------ Data for the task

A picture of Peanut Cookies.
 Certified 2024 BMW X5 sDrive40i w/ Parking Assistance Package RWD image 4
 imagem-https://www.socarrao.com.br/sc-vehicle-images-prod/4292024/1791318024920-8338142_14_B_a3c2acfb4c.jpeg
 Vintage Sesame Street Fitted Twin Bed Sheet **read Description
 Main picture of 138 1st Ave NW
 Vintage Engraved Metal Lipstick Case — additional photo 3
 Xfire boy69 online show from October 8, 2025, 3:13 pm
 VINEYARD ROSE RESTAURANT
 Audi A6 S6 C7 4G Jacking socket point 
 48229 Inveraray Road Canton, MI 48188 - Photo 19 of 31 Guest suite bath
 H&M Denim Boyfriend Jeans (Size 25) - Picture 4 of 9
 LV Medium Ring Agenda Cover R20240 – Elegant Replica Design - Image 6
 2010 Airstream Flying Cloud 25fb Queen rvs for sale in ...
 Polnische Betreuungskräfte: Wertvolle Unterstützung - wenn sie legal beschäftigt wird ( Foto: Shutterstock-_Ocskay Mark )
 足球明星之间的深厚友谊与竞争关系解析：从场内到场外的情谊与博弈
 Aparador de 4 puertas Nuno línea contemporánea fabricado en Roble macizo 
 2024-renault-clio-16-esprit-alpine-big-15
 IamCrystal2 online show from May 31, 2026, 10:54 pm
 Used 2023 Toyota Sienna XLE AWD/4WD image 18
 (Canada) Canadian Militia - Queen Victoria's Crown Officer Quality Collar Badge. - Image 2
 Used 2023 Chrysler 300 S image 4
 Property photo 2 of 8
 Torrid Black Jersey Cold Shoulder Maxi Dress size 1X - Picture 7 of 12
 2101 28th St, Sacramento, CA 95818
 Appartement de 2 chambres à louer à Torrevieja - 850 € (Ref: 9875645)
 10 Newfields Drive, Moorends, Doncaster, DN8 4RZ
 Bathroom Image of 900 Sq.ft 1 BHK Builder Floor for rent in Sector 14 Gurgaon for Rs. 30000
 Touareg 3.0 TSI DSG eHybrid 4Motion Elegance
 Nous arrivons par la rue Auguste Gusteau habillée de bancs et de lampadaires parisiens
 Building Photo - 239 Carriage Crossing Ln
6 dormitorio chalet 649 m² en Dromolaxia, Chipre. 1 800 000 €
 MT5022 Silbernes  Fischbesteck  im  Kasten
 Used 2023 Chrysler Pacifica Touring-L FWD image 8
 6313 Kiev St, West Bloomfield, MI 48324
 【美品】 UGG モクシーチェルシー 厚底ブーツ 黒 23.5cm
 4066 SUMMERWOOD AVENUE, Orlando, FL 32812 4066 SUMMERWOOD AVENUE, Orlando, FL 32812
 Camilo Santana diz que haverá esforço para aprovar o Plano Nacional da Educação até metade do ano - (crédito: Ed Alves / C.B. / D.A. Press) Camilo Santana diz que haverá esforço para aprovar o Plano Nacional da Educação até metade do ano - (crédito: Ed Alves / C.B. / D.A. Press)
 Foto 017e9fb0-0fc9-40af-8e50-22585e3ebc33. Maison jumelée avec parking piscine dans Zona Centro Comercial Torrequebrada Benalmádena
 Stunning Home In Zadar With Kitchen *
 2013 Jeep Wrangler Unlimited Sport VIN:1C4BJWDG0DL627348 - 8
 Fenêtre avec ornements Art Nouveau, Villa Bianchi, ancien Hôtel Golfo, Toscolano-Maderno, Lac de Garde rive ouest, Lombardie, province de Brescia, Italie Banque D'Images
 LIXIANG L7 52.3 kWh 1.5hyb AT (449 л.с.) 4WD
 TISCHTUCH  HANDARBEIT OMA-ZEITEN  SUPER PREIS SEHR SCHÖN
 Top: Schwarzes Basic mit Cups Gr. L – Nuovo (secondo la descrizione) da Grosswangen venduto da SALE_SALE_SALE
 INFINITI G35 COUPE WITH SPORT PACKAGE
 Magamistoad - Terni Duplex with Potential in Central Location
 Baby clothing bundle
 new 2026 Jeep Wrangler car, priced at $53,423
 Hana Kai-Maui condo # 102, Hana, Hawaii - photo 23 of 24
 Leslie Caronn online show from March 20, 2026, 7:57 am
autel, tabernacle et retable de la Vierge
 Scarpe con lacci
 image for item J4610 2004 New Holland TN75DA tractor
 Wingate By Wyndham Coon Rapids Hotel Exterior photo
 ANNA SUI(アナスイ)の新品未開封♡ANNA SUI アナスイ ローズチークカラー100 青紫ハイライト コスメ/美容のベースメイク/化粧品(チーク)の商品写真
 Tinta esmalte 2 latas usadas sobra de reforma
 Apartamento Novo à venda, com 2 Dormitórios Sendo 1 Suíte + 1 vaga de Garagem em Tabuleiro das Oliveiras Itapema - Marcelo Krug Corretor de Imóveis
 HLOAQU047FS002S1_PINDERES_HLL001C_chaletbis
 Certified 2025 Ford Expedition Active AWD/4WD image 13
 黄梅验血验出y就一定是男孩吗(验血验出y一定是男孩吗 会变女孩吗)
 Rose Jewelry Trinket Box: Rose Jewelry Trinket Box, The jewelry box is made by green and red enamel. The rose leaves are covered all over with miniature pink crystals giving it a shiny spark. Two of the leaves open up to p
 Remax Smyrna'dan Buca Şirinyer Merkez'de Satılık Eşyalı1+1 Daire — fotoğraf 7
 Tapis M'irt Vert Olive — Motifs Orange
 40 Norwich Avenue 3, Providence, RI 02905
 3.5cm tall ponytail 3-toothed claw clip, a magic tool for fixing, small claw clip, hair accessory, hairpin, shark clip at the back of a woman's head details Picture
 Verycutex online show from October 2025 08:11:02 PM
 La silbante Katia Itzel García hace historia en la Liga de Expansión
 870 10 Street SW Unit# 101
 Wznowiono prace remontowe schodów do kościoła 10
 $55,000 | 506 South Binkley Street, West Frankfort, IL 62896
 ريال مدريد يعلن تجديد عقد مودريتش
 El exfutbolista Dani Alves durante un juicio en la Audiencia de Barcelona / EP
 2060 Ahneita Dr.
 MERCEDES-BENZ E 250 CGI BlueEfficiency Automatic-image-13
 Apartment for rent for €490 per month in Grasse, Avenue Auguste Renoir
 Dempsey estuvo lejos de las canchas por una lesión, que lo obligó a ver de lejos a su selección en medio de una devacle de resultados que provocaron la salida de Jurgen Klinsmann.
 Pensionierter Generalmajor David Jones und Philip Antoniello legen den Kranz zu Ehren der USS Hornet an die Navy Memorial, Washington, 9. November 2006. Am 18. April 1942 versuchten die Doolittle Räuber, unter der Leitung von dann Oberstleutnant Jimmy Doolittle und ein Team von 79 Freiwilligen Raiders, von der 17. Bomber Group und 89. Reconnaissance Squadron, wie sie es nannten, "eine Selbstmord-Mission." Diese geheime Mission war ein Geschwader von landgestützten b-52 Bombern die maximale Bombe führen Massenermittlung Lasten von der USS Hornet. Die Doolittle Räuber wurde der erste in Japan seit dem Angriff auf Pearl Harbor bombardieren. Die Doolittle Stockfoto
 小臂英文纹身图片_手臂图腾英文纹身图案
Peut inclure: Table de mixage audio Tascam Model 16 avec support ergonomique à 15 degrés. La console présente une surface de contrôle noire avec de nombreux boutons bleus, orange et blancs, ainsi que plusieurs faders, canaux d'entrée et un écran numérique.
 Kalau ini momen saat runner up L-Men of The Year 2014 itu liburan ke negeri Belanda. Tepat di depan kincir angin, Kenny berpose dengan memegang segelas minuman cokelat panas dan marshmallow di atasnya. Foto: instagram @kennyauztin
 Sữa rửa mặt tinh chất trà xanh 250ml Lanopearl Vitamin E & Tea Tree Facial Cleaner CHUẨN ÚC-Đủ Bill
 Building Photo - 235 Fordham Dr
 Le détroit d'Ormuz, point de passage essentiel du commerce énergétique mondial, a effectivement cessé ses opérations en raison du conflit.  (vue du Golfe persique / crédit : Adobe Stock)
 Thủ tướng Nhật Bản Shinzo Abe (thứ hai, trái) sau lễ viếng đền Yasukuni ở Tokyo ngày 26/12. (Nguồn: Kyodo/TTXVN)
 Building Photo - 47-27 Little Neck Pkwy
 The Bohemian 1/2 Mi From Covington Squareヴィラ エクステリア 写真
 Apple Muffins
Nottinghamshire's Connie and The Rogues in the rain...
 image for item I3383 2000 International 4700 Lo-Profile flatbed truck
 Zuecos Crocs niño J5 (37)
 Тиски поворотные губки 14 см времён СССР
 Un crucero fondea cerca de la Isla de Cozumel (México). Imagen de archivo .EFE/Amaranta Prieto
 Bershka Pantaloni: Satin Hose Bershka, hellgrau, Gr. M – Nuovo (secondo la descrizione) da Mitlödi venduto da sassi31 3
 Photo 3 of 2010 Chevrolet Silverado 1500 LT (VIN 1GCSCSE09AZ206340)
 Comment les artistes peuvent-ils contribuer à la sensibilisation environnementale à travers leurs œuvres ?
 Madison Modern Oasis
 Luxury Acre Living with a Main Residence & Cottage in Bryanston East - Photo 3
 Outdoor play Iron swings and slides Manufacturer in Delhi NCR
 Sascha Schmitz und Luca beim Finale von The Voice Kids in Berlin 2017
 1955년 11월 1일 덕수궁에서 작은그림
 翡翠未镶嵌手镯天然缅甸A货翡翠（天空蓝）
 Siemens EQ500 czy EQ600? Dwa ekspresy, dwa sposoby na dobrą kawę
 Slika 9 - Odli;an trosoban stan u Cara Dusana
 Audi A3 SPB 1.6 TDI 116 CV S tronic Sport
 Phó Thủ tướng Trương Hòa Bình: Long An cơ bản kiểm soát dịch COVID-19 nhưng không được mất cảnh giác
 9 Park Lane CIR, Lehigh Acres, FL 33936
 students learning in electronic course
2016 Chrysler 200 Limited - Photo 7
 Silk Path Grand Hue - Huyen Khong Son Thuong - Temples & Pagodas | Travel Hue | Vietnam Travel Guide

------------

Work to be completed —
Copy each line from the entries above that has the word "rent" in it.

Exercise output —
 Bathroom Image of 900 Sq.ft 1 BHK Builder Floor for rent in Sector 14 Gurgaon for Rs. 30000
 Apartment for rent for €490 per month in Grasse, Avenue Auguste Renoir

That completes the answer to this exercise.